The proposed class action was filed on behalf of members of indigenous Achuar communities represented by Los Angeles-based Earth Rights International, Amazon Watch, and the law firm Schonbrun DeSimone Seplow Harris & Hoffman LLP.

They accuse Occidental, the fourth biggest oil company in the U.S., of discharging millions of gallons of toxic oil by-products into waterways in the northeastern Peruvian Amazon rainforest, according to the ruling from the 9th Circuit U.S. Court of Appeals.

Occidental had convinced a lower court that the case should be litigated in Peru. The 9th Circuit disagreed, ruling that the case be heard in Los Angeles, Occidental’s headquarters.

"Oxy will now face justice in the U.S. federal courts, rather than in a Peruvian legal system that has never compensated indigenous groups for environmental contamination," said Marco Simons, legal director of Earth Rights International, in a press release.

Likewise, Atossa Soltani, executive director of Amazon Watch, assured that "the Achuar people continue to suffer the devastating health impacts caused by Oxy’s damaging practices, which were illegal in the U.S. at the time."

"This ruling means that the Achuar will finally get their day in U.S. court and signals the end of the era when companies could destroy indigenous communities and their environment with impunity."

Occidental Petroleum Corporation’s headquarters in Los Angeles (Photo: Internet)

The oil corporation said it has "empathy" for the issues raised by the Achuar people, but that there are "no credible data" indicating negative health impacts resulting from Oxy’s operations.

"Occidental believes that the U.S. courts are not the appropriate forum to litigate these Peruvian claims, and will continue to advocate that position," the company said.

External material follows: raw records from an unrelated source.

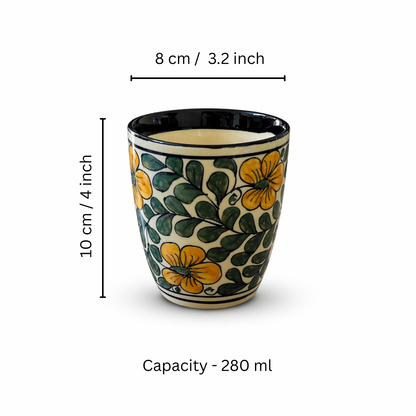 Golden Petal Dining Combo (Set of 4) – 2 Ceramic Deep Plates & 2 Glasses (280 ml) | Premium Tableware  | Ideal for Idli, Pasta, Noodles & Desserts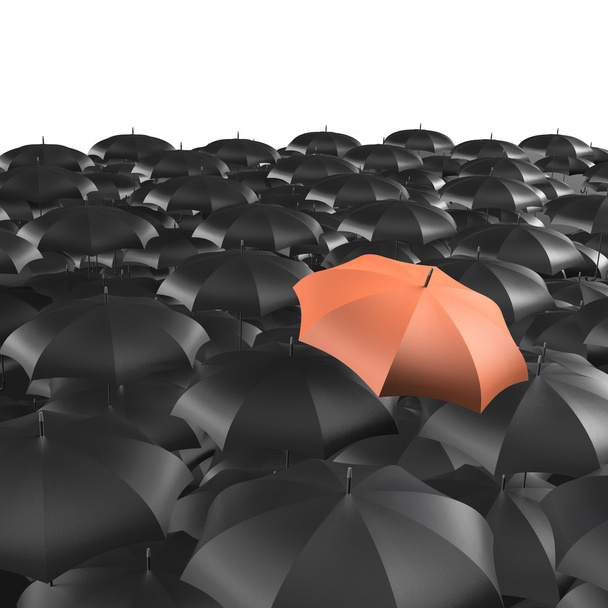 Background of umbrellas with a single orange umbrella - Photo, Image
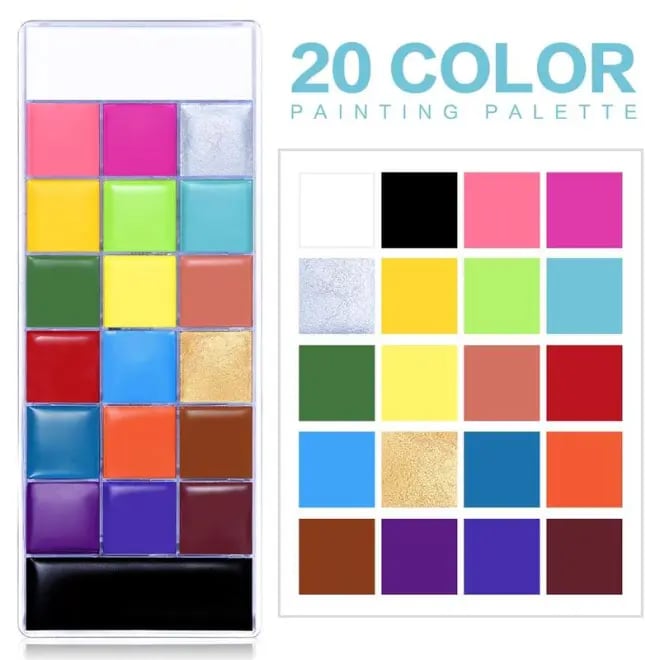 👻2024 Face Body Paint Oil Palette.🎃Halloween.performance.cosplay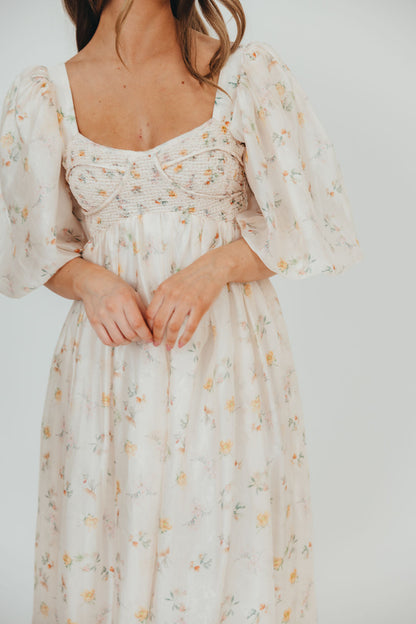 Harlow Maxi Dress in Tiny Yellow Floral - Bump Friendly & Inclusive Sizing (S-3XL)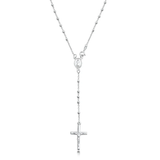 Sterling Silver Polished 3mm Rosary Necklace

The 9th Circuit U.S. Court of Appeals expressed skepticism of the oil corporation’s motives for attempting to move the case to Peru under the doctrine of forum non conveniens (“inconvenient forum”), and asked numerous probing questions of Occidental’s counsel.  

“This is highly unusual, for a firm that’s headquartered here (in the U.S.), decision-makers here, lawyers here, documents and witnesses here, to make this kind of a forum non conveniens motion,” said Judge Kim McLane Wardlaw.

Additionally, Benjamin Schonbrun, attorney of Schonbrun DeSimone Seplow Harris & Hoffman LLP, said: “Occidental Petroleum is subject to U.S. laws, and had they complied with U.S. laws and industry practices in protecting the environment, we wouldn’t be here. But they decided to put profit in front of human suffering.”

In October 2007, a group of 25 Achuar Peruvians filed suit against Occidental, demanding clean-up and reparations for environmental damages allegedly caused by Occidental over 30 years.

That same year, Earth Right published jointly with Amazon Watch and the Peruvian organization Racimos de Ungurahui, A Legacy of Harm (see video below), which describes how Occidental’s operations discharged billions of barrels of untreated wastewater into local streams, caused numerous spills and resulted in many unremediated toxic waste sites in Achuar territory, with severe health and livelihood consequences for the Achuar.

The Achuar indigenous people have inhabited the northeastern Peruvian Amazon for thousands of years, living in a symbiotic relationship with their territory, dependent on the natural resource base for their survival and livelihood.